▸ Task prompt:
The lines to be copied are those below that contain "tissue".

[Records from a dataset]
--- START ---
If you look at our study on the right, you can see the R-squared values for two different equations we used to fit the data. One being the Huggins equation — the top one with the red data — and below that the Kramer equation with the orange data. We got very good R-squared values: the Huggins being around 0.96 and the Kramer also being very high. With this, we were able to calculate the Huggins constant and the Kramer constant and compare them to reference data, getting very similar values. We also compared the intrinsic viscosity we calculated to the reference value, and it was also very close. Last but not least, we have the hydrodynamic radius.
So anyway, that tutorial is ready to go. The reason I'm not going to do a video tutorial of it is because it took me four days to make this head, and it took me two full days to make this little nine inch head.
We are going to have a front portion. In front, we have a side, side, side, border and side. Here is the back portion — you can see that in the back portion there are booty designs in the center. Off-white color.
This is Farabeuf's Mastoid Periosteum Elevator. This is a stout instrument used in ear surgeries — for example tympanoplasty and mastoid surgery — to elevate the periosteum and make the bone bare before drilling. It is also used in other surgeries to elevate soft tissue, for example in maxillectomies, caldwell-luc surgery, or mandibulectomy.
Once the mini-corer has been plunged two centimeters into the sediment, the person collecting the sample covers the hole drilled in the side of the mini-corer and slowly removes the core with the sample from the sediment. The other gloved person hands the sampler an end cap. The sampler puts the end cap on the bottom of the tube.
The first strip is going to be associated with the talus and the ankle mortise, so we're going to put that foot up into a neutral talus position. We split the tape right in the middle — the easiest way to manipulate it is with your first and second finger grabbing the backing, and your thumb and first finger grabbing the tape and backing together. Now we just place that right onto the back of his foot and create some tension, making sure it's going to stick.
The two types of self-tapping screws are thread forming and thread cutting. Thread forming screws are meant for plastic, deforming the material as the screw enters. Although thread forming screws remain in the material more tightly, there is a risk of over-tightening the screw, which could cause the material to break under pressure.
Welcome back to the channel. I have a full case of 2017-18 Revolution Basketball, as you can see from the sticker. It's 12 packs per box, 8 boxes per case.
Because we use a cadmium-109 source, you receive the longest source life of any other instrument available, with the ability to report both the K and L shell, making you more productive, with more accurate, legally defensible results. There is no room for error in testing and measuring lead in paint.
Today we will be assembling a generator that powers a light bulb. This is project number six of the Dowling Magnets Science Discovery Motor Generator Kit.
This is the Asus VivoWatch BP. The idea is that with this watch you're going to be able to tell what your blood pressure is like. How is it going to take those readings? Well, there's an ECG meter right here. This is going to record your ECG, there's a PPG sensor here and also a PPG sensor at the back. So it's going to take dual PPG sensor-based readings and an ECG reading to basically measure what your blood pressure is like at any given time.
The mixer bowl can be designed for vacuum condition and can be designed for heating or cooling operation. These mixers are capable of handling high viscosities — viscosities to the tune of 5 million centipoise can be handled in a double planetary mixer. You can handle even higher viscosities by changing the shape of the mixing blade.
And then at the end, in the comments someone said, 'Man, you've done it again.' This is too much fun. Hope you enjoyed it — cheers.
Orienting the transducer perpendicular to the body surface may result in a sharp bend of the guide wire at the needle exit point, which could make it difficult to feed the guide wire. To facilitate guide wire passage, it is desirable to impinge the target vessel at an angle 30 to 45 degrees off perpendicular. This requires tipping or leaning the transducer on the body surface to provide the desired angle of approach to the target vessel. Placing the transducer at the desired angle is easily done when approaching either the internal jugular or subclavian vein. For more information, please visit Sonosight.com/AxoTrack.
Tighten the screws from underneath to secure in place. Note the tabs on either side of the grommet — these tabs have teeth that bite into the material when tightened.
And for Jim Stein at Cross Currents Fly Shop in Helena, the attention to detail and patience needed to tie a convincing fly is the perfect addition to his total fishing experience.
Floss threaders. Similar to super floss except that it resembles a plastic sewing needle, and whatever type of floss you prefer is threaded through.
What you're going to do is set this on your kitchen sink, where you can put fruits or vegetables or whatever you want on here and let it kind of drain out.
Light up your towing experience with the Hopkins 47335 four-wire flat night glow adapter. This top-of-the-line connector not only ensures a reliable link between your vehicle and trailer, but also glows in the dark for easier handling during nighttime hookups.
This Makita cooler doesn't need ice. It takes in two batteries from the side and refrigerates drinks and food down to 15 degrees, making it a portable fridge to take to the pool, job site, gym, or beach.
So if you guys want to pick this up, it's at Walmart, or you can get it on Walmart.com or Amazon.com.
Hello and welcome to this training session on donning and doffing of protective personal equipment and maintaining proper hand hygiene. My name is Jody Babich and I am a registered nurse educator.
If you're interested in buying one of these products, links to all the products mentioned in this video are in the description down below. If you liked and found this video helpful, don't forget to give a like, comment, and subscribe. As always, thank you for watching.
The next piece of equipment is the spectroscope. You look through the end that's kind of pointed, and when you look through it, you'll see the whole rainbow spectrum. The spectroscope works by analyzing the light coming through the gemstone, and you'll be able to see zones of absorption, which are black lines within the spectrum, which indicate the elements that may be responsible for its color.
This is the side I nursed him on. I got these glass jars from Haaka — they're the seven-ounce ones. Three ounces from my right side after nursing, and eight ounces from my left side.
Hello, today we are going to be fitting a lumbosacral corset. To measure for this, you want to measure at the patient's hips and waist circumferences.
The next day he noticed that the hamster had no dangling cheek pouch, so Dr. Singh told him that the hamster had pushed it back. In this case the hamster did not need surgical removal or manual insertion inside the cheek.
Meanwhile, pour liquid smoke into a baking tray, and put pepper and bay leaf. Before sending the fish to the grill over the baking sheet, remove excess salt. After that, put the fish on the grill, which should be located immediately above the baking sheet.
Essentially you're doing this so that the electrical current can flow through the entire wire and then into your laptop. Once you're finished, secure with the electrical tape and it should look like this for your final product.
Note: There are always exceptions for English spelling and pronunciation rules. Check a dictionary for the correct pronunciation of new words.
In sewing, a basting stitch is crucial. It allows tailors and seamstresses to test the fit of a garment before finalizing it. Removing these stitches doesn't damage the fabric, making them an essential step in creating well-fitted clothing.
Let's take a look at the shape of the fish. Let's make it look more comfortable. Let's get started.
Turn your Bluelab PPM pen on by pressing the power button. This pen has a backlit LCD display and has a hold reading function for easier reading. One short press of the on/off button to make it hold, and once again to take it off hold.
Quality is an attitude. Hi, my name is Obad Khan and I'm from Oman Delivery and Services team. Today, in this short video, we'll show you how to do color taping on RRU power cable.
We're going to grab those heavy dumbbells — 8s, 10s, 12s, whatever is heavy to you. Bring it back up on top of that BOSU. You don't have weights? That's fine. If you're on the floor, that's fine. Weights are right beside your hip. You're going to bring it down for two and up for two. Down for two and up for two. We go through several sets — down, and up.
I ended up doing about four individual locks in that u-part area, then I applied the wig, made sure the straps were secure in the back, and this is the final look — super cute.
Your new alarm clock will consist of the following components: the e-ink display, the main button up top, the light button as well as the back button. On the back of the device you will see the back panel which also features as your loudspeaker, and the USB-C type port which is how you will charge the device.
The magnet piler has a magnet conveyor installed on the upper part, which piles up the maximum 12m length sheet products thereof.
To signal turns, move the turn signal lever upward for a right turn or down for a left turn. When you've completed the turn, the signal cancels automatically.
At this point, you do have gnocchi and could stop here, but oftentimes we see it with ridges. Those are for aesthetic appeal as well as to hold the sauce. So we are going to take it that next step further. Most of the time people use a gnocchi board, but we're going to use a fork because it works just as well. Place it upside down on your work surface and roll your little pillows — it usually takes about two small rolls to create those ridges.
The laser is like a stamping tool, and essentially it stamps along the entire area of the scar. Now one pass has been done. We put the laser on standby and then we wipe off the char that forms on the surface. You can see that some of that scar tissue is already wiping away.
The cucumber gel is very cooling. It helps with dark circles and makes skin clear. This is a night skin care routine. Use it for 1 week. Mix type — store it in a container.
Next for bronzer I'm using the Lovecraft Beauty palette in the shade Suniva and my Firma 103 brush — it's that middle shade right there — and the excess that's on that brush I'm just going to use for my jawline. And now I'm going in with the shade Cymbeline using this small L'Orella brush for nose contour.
--- END ---
▸ Response to the exercise:
This is Farabeuf's Mastoid Periosteum Elevator. This is a stout instrument used in ear surgeries — for example tympanoplasty and mastoid surgery — to elevate the periosteum and make the bone bare before drilling. It is also used in other surgeries to elevate soft tissue, for example in maxillectomies, caldwell-luc surgery, or mandibulectomy.
The laser is like a stamping tool, and essentially it stamps along the entire area of the scar. Now one pass has been done. We put the laser on standby and then we wipe off the char that forms on the surface. You can see that some of that scar tissue is already wiping away.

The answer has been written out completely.